The word "hacker" evokes feelings of panic and vulnerability. Regardless, aside from being somewhat cautious about the financial and personal info we put online, most people don't regularly think about people on the internet swiping credit card numbers or tapping into the FBI. People are much more apt to think of celebrities' risqué photos being leaked on the internet.

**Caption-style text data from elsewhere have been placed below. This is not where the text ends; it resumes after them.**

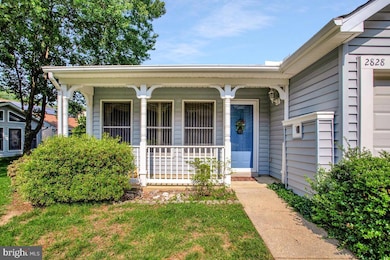 2828 Berth Ct, Annapolis, MD 21401 - photo 3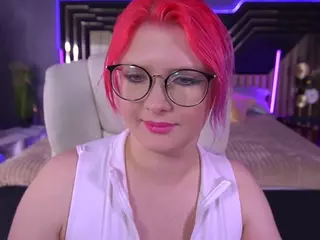 CoolTatiss's Live Sex Cam Show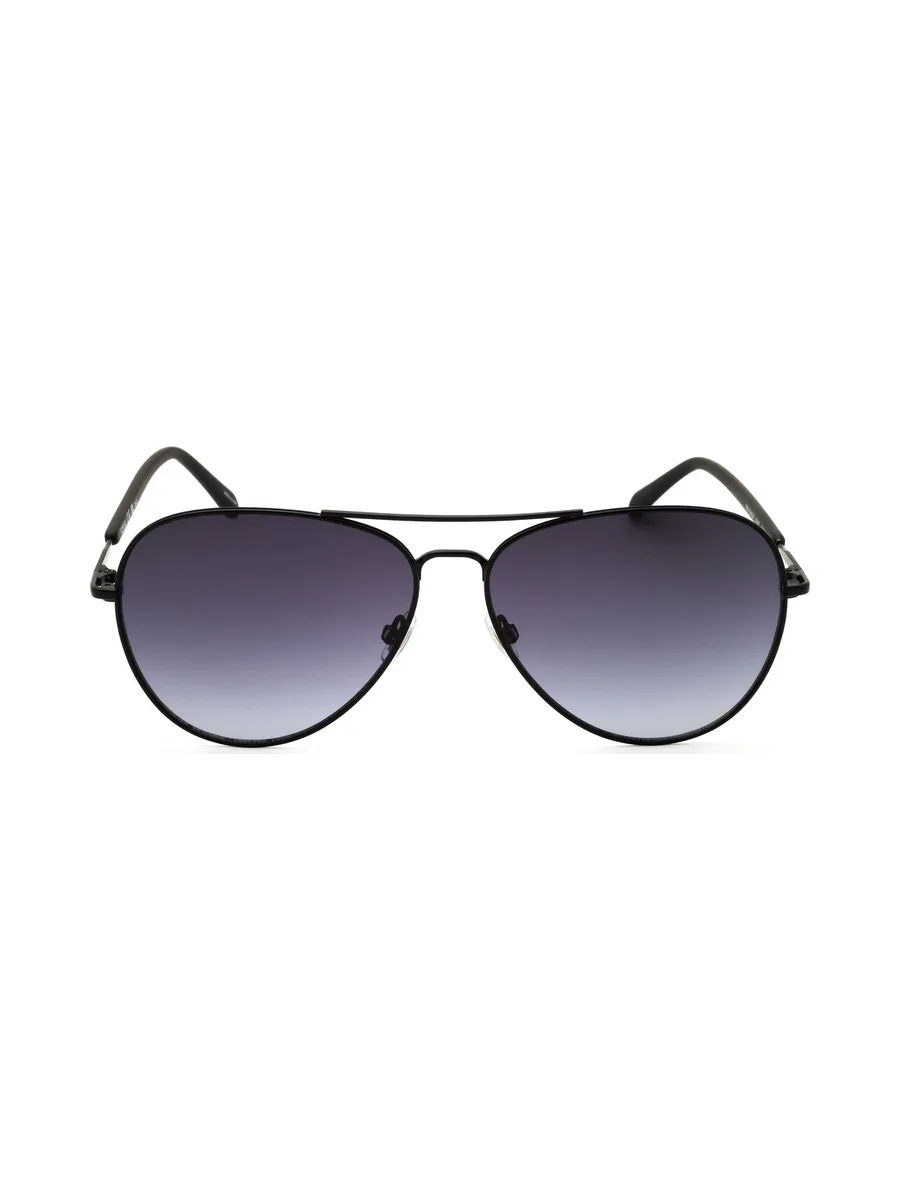 Fossil FOS 3104/G/S — Lunettes de soleil 2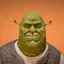Five Nights at Shrek's Hotel 2 game cover image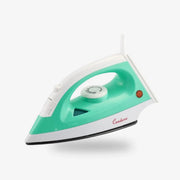Condere Steam Iron — 1600W — EL-3277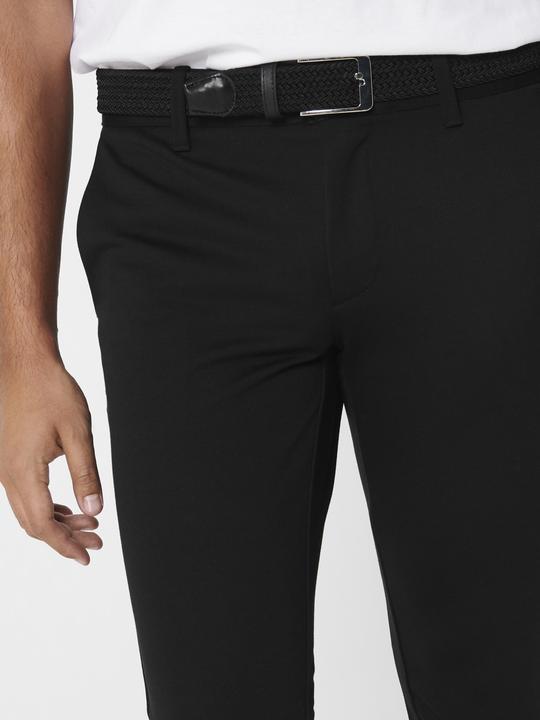 Produktbild Only & Sons ONSMARK SLIM GW 0209 PANT NOOS (W36/L36)
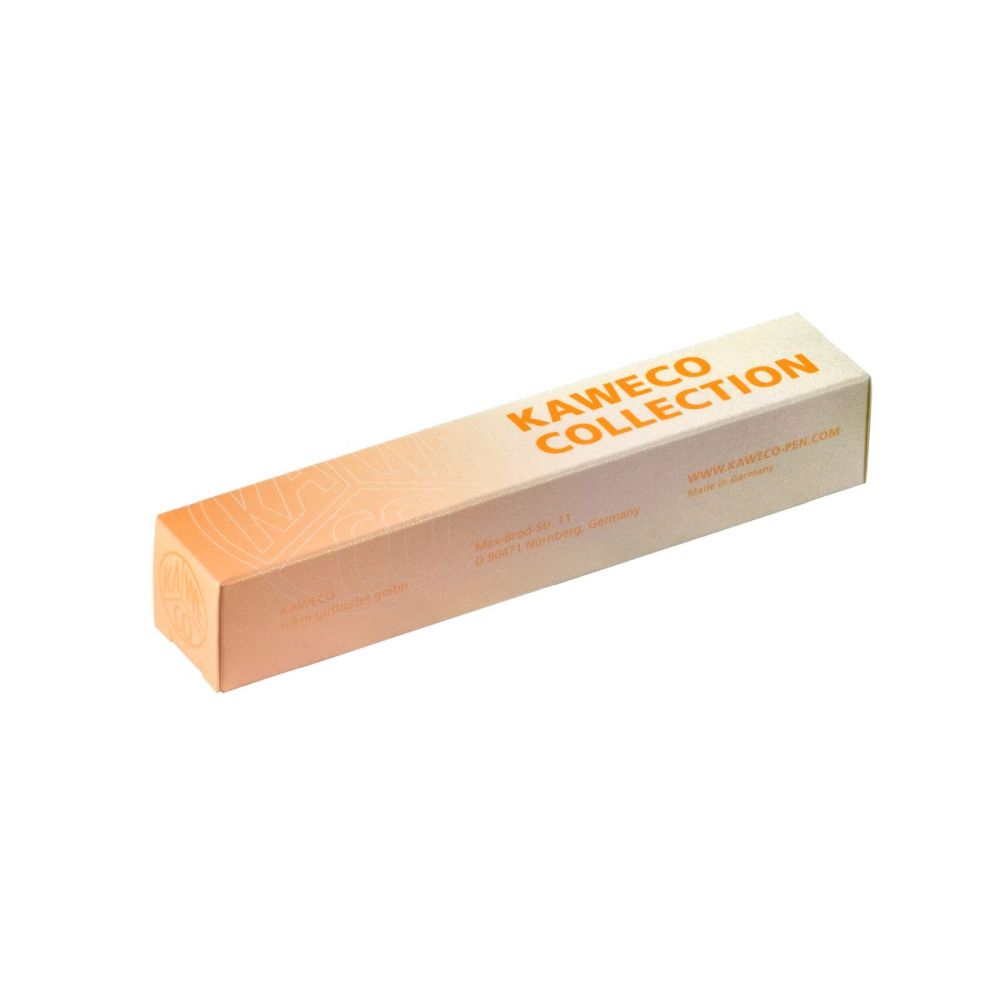 Pluma Fuente Skyline Sport COLLECTION - Apricot Pearl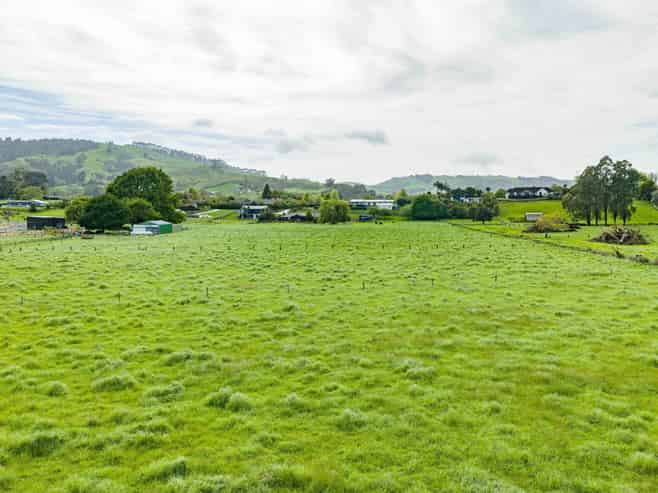 4/11 Fencourt Road, Cambridge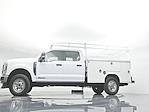 New 2024 Ford F-350 XL Crew Cab 4x4, 8' 2" Royal Truck Body Service Body Service Truck for sale #MB244981 - photo 7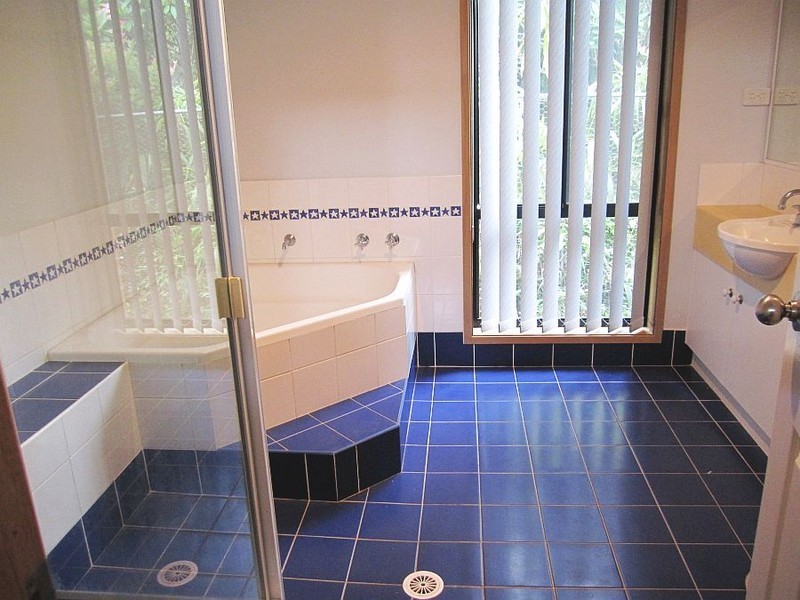 155C  Albany Street, Point Frederick NSW 2250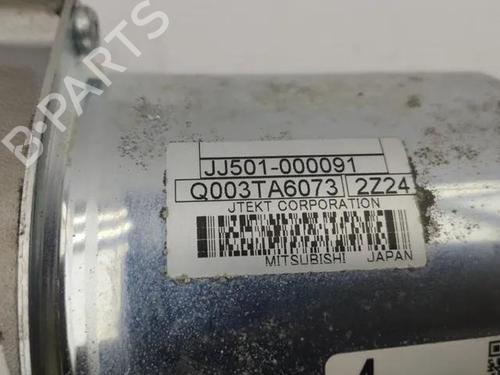 Elektronisk modul MAZDA CX-5 (KE, GH) 2.2 D AWD (KE2AW) | BP28865664M83 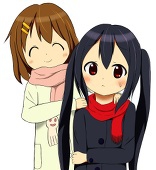 咲華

One of the creepiest computer hackers in recent memory, however, did not prey on the rich and famous. He was taken into custod in January 2017 for spying on everyday people by controlling their computers remotely. Phillip Durachinsky created a malware program known as 'Fruitfly' that would infiltrate victim's computers by hitching a ride on questionable links or sketchy downloads. What he chose to do with his unauthorized access makes him an anomaly among his peers.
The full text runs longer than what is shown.